And agreed, healthy plants and well presented. Nice work.


----------



## Discusluv (Dec 24, 2017)

Greggz said:


> High praise considering the source!:wink2:
> 
> And agreed, healthy plants and well presented. Nice work.


Thank you.


----------



## Plantedcichlid (Mar 5, 2018)

Beautiful, I wish my 180 looked like that, any dosing on that tank?


----------



## Discusluv (Dec 24, 2017)

Plantedcichlid said:


> Beautiful, I wish my 180 looked like that, any dosing on that tank?


 Im sorry, I missed your comment. 


Yes, I dose with Seachem liquid fertilizers per back of bottle instructions/dose: NPK, Advance, FE, and Flourish + Excel. 

The NPK I dose 2 X weekly
The Flourish 3 X "
Advance 3-4 X " ( I have noticed a significant growth of my Java ferns after dosing with this. It has been about 4 months since started with Advance.)

Excel at least 5X "


I also use root tabs around stem plants


----------



## OVT (Nov 29, 2011)

@Discusluv, and now I want your driftwood, in addition to your fish. Every time I get content, you had to post another picture.


----------



## Grobbins48 (Oct 16, 2017)

@Discusluv, I am just finding this journal now. I really like what you have done with the scape here. It is simple, yet intricate enough to be able to look at it for quite a while enjoying more natural behaviors of the fish you are keeping.

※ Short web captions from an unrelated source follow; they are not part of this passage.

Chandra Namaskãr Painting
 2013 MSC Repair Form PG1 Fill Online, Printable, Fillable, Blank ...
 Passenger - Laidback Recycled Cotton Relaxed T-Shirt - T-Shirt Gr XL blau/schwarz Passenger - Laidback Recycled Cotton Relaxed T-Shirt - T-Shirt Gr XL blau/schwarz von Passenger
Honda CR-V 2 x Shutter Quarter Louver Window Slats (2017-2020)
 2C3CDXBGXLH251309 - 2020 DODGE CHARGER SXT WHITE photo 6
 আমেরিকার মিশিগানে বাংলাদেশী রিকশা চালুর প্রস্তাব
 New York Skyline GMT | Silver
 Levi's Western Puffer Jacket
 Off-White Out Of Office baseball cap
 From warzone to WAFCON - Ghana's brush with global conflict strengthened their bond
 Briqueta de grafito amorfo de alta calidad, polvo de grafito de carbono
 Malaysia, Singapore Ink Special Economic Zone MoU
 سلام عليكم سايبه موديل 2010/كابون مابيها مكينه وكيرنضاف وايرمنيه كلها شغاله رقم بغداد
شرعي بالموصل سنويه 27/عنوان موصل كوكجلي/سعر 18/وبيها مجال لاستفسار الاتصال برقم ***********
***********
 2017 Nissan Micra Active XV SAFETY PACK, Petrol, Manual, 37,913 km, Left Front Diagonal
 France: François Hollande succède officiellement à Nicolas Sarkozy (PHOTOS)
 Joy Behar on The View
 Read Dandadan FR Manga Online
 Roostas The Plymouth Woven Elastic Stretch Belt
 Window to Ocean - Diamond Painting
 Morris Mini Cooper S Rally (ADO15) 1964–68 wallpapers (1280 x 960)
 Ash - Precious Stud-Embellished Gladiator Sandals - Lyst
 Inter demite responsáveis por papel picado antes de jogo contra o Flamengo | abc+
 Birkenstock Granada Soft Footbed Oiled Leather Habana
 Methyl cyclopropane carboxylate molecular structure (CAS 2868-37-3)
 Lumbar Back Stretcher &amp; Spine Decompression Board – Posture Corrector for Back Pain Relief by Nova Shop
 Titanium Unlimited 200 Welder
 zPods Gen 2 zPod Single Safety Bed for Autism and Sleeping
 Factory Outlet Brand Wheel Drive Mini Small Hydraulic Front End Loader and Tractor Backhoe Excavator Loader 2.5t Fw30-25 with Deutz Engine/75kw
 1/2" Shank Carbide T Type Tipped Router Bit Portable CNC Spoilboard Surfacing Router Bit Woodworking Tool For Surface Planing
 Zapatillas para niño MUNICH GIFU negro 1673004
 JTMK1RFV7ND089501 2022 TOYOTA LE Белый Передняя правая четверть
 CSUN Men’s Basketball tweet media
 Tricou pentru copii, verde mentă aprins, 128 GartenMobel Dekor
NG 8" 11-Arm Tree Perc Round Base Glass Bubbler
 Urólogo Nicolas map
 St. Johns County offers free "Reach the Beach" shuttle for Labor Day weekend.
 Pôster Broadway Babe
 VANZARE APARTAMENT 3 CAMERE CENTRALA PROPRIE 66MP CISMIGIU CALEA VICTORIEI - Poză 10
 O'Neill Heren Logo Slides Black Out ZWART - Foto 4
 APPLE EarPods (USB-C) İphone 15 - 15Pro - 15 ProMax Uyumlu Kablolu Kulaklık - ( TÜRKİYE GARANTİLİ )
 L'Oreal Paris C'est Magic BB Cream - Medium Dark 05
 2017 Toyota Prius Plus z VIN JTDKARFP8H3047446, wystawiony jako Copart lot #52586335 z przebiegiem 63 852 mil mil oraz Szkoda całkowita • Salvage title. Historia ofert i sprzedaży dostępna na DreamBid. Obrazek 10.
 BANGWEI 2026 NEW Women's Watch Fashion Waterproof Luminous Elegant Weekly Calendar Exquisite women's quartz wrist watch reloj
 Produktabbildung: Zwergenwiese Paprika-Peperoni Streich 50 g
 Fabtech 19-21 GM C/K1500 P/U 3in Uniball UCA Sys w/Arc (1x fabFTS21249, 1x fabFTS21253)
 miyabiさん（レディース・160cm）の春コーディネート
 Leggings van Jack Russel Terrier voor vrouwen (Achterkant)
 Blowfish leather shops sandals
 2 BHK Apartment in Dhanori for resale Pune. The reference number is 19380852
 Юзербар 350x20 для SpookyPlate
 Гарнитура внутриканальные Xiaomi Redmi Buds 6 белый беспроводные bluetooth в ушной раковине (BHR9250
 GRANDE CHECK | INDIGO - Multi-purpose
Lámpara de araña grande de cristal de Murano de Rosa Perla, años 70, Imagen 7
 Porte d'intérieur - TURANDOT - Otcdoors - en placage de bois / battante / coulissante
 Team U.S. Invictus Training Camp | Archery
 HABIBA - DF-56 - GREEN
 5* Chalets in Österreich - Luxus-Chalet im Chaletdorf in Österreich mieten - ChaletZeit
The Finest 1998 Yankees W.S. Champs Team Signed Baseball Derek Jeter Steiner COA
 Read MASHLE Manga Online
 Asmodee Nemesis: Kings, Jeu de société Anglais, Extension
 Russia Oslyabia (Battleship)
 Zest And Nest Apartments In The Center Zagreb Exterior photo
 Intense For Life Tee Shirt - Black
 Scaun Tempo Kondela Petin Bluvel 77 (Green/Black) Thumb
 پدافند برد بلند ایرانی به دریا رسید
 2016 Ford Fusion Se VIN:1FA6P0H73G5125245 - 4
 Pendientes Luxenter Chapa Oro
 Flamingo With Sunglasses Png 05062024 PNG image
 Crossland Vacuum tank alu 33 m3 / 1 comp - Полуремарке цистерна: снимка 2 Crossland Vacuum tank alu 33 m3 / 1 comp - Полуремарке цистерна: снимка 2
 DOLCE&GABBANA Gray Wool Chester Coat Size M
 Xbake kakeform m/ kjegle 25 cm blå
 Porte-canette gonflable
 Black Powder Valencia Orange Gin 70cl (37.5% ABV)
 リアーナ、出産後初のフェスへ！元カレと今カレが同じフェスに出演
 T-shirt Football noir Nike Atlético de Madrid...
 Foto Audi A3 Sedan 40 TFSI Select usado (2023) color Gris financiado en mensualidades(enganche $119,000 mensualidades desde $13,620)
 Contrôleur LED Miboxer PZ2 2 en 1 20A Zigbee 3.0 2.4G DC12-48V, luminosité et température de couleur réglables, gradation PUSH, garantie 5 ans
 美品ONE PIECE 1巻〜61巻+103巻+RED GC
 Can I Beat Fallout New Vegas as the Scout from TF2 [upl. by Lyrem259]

Nice work, especially considering it is a 29 gallon. I know how difficult those (really any 12 inch deep tank) can be to scape! I'll be following along on your journey!


----------



## Discusluv (Dec 24, 2017)

OVT said:


> @*Discusluv*, and now I want your driftwood, in addition to your fish. Every time I get content, you had to post another picture.


Thanks my friend 

Bump:


Grobbins48 said:


> @*Discusluv*, I am just finding this journal now. I really like what you have done with the scape here. It is simple, yet intricate enough to be able to look at it for quite a while enjoying more natural behaviors of the fish you are keeping.
> 
> Nice work, especially considering it is a 29 gallon. I know how difficult those (really any 12 inch deep tank) can be to scape! I'll be following along on your journey!


 Thank you! 

The anubias is really melting back hard- kind of disappointing. Not sure if it is the normal transition from emersed to submersed growth or something else. 

This tank is at 82 degrees right now because of the discus, maybe anubias doesn't care for this temperate.


----------



## Plantedcichlid (Mar 5, 2018)

Hi discusluv, how long does a bottle of advance last for your 180z thanks


----------



## OVT (Nov 29, 2011)

As long as the rizhome is firm and without rot, Anubias will be fine. Do peel off the melting leaves.


----------



## Discusluv (Dec 24, 2017)

Plantedcichlid said:


> Hi discusluv, how long does a bottle of advance last for your 180z thanks


I use it for my 180g., 60g., and 2- 30 gallon tanks- so unsure about them individually. I looked at my Amazon order and looks like a 2L bottle lasts appx. 3 months.


----------